Top of Source data

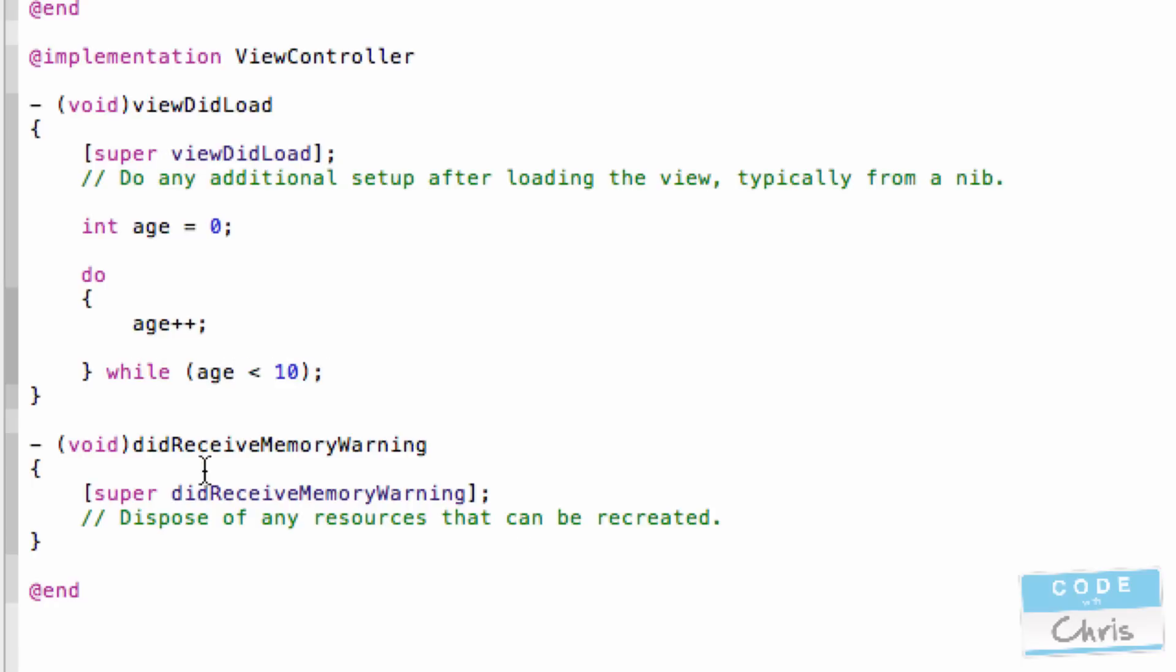So it's going to keep looping this statement, age++, until the value of age is 10 or greater.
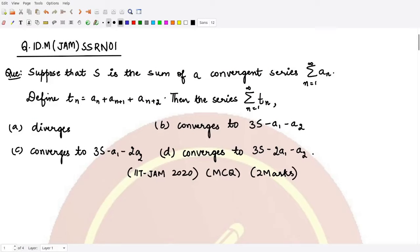Hello everyone, welcome to this video. In this video we are going to solve a question which has appeared in the IIT JAM 2020 examination. This is a two-mark MCQ question based on sequence and series of real numbers.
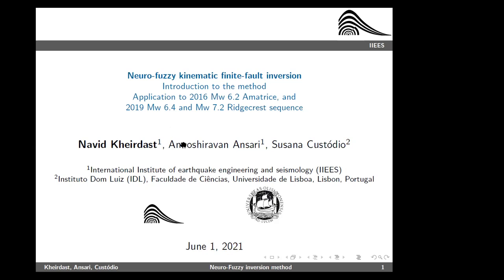Thank you for accepting my presentation in your seminar. My talk is about the neurophysic kinematic finite fault inversion — a novel kinematic finite fault inversion developed during my PhD. We introduce this method and briefly present its application to real data recorded during the 2016 Amatrice earthquake and the double earthquakes that occurred during the 2019 Ridgecrest sequence.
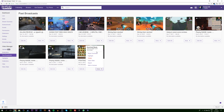From here, Twitch is going to start preparing the download. What you want to do is leave this page open until the download is fully prepared. This may take some time, but just be patient and eventually your download will begin. Then all you have to do is wait for your download to finish, and it's as easy as that.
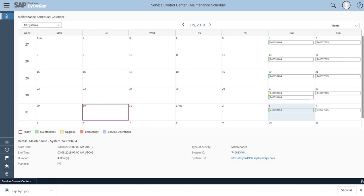There are a few categories - the identification of the task is color-coded. Today is in purple color, maintenance is in green color, and so on for upgrade, emergency, etc. So basically, to know what's going to happen on that particular day, you just have to click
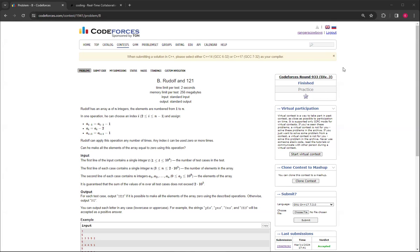Hello, everybody. Welcome back to another video with Mr. Coder. In this video, I'm going to show you how to do problem B, Rudolph and 121 from Code Forces Round 933, Division 3.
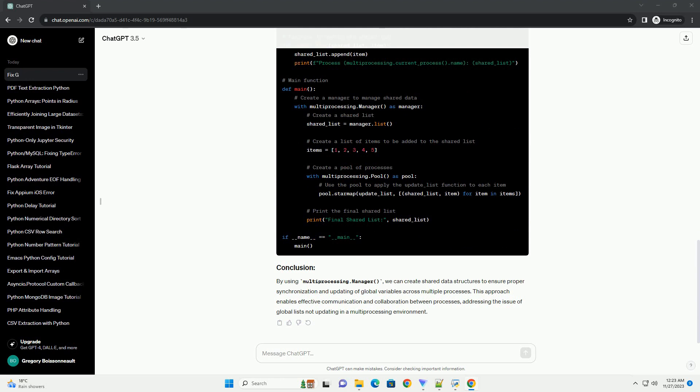The issue arises because each process in multiprocessing has its own memory space. Therefore, modifications made to the global list in one process do not affect the global list in other processes.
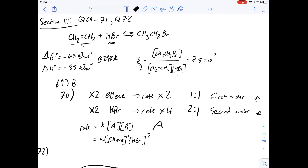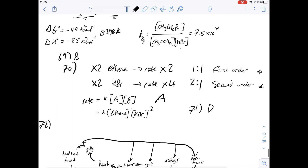Option C says the reaction does not occur spontaneously because the change in Gibbs free energy is negative — but reactions occur spontaneously when Gibbs free energy is negative, so this isn't true either. Option D says the reaction occurs spontaneously because the enthalpy change dominates the effect of the entropy change. Going from two molecules to one does go against what entropy favours, but the enthalpy change dominates and allows the reaction to be favourable at that temperature. So the answer to question 71 is D.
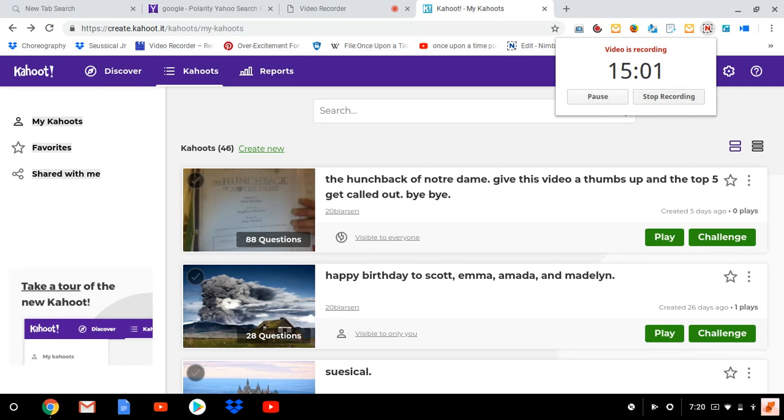Even the bells of Notre Dame. Merry Christmas, ho ho ho ho ho. Thank you.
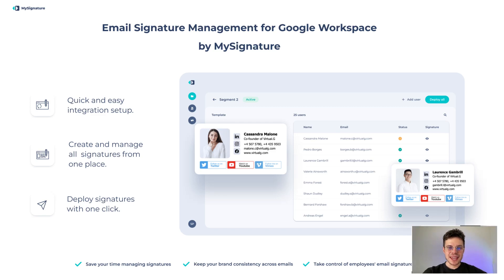Hi guys, this video is dedicated to MySignature and Google Workspace integration and all the beneficial features that you can get out of those.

Bottom of Source data

§ **What you should do**: Every line above from the one with "Hello everyone, welcome" down to the one with "Thank you for" must be written out exactly, and no picture may appear.

§ **Response box**:
Hello everyone, welcome to this video. In this video we are going to solve a question which has appeared in the IIT JAM 2020 examination. This is a two-mark MCQ question based on sequence and series of real numbers.
Thank you for accepting my presentation in your seminar. My talk is about the neurophysic kinematic finite fault inversion — a novel kinematic finite fault inversion developed during my PhD. We introduce this method and briefly present its application to real data recorded during the 2016 Amatrice earthquake and the double earthquakes that occurred during the 2019 Ridgecrest sequence.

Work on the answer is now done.